Sunday, January 25, 2009


"There comes a point in the creative course of every great artist or

poet, when the image of beauty which, up to that moment, he had pursued
in a seemingly continuous upward movement, suddenly reverses direction
and becomes visible vertically, in its fall. It is the movement that
Holderlin defined, in the notes to his translation of Sophocles, as
'caesura' or ‘'anti-rhythmic interruption': when the word, as if checked
in mid-flight, for a moment reveals not what it says, but its own nature
… that untitled messianic moment in which art stays miraculously still,
almost astounded: fallen and risen in every instant."

"Bellezza che cade", Giorgio Agamben
published on Cy Twombly, 8 Sculptures, Roma, American Academy, 1998,
p. 5.
(Unfortunately, I've not been able to find the whole Agamben article in English so it would be too forward to to comment on what is not there. But the tone of Agamben's often work is often, superficially I think, is often looked at with suspicion in America because of instants like the beautiful last two lines. For many, perhaps, there seems to be an unbearable proximity to a sort of Biblical hermeneutic; and then of course there is the formidable relation with other fields of humanistic discourse that is a bit overwhelming for American analytics.)

The quote is immediately striking because of the syncope that art 'suffers' in pursuit of beauty, a fainting away from what many would see as the true vocation of art into a mysterious stillness, perhaps even silence and accompanying inaccessibity of a sort. But what sort is it? It is as if the art work has been salvaged from its yoke to the human and has become simltaneously alive and dead, the portal of art made available to another side... if there were another side. Impossibly, it hangs there, tremulously, half lit, half in darkness.

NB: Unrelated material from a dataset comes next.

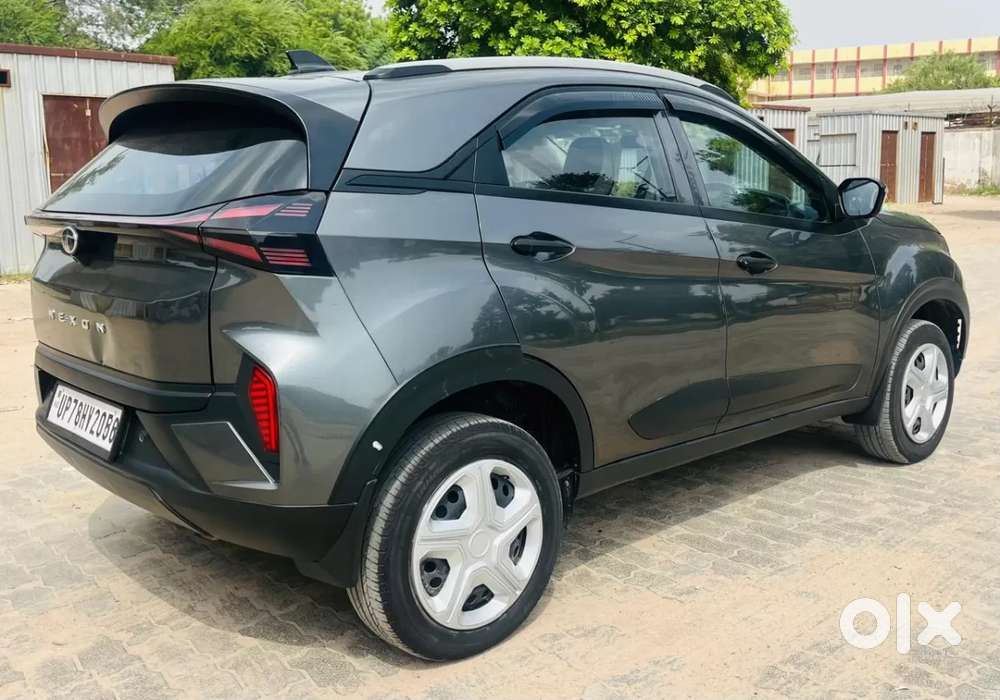 Tata Nexon Smart Plus S 1.2 Revotron Petrol 5 Mt, 2024, Petrol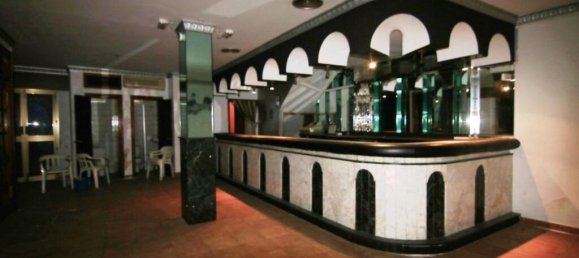 5 bedrooms Apartment in Guaro, Spain No. 190864 3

Wednesday, January 21, 2009

Anthropocentric Metaphysics

I just came across an article which came out in the academic journal Political Theory from 2005 which I somehow missed. I suppose because of my own theoretical bias (e.g. they reference Agamben and Derrida, etc) I find it one of the most interesting approaches to 'liminal studies.' Certainly there are not many such articles on the UFO phenomena in academic journals to begin with so it should stand out. The article is entitled 'Sovereignty and UFOs' and is available here.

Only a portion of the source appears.